Une monnaie nationale ne serait-elle pas trop faible ?
Une monnaie faible n’est pas, en soi, un problème. Bien souvent, c’est une grande opportunité surtout si l’on veut stimuler les investissements venant de l’étranger. Les Etats-Unis, sous Bush, ont bénéficié de la faiblesse du dollar pour financer l’effort de guerre et maintenir l'expansion de leur économie.

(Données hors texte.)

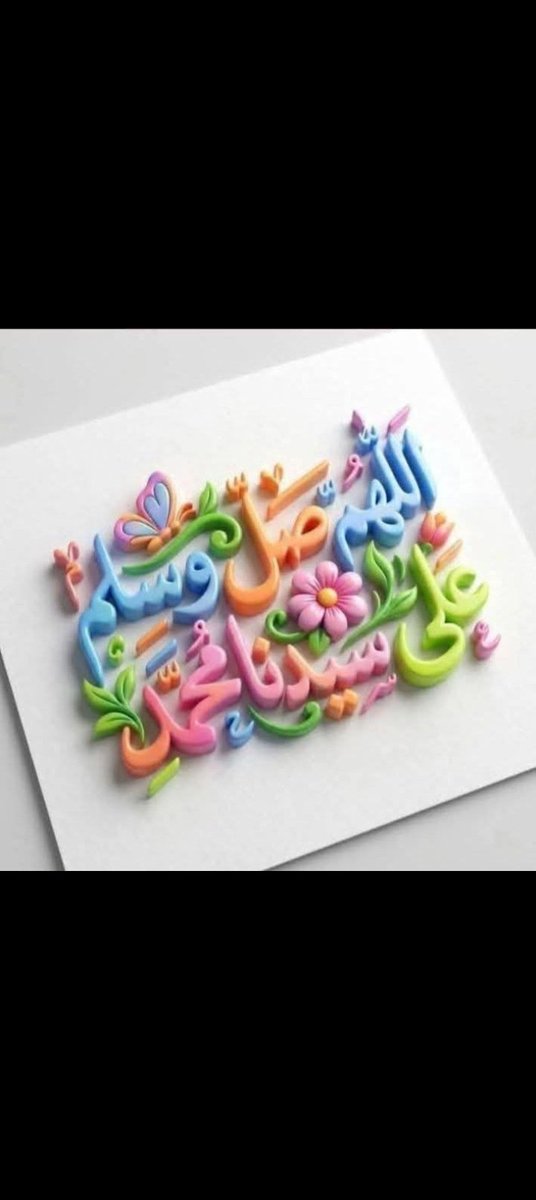 Abbas Mehar tweet media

La Chine ne cesse de profiter de sa monnaie faible au point que les Usa et l’Europe sont en train de leur mettre une pression terrible pour qu’ils réévaluent le Yuan. À contrario, l’euro trop fort est un handicap majeur pour les économies européennes, sauf l’Allemagne, la seule à pouvoir supporter son taux élevé de change sur le marché monétaire international, voire y tirer un réel avantage.
Vous pensez qu'une monnaie locale ou régionale va booster l'économie des pays de la Zone CFA ?
Le dynamisme du marché intérieur se crée par des réformes. D’abord, il faut une monnaie qui corresponde à la réalité du marché intérieur ; puis, réformer les lois sur le domaine national pour permettre une monétarisation de la terre par le biais des titres fonciers. Cela permettra aux paysans et grands fermiers d’accéder au crédit bancaire pour s’équiper et exploiter la terre.
Après la dévaluation du FCFA, nos marchés internes n’ont jamais été aussi dynamiques. Nous avons battu tous les records de croissance. C'est la preuve qu'une monnaie, déconnectée des réalités de l’économie nationale, tue le dynamisme interne. Comment voulez-vous qu'une monnaie d'un pays pauvre soit arrimée à une autre monnaie d’un pays développé et que cela soit favorable à la création de richesses ? Franchement, il s'agit là d'une question de bon sens…
Un avantage au maintien dans la Zone franc est la rigueur dans la politique monétaire que nous impose l'existence du franc Cfa. Qu'en pensez-vous ?
Une monnaie nationale ou régionale, gérée par un ou des gouvernements responsables et engagés dans la bonne gouvernance politique et économique, permet d’utiliser la planche à billets pour stimuler l’économie, dans certaines situations. C’est ce qu’Obama et, avant lui, Bush ont fait pour relancer l'économie américaine et maintenir des taux d'intérêt très bas pour stimuler les investissements, renforcer la production et accroître les exportations. De même, François Hollande fait des propositions audacieuses dans le contexte de l'UE, sur la Banque centrale européenne.
Sans un contrôle des mécanismes d’émission monétaire, on se prive d’un instrument financier essentiel au développement. C’est comme si une entreprise voulait se développer sans accès au crédit.
Il faut donc se débarrasser du FCFA au plus vite ?
Oui ! Pour enfin valoriser la production locale et créer de la richesse intérieure. Les investissements venant de l’extérieur (y compris de la Diaspora) vont se multiplier et il n’y aura pas de limite aux opportunités d’investissements. Il n’y a rien de nouveau dans mon propos. C’est une question de bon sens, basé sur l’expérience des autres. Je ne connais aucune économie au monde, viable et qui soit basée uniquement sur la capacité d’importation du pays. Le seul véritable avantage du FCFA, c’est faciliter les importations et c’est bien là le problème ! Une économie de croissance ne peut pas être centrée autour d'une politique d'importation.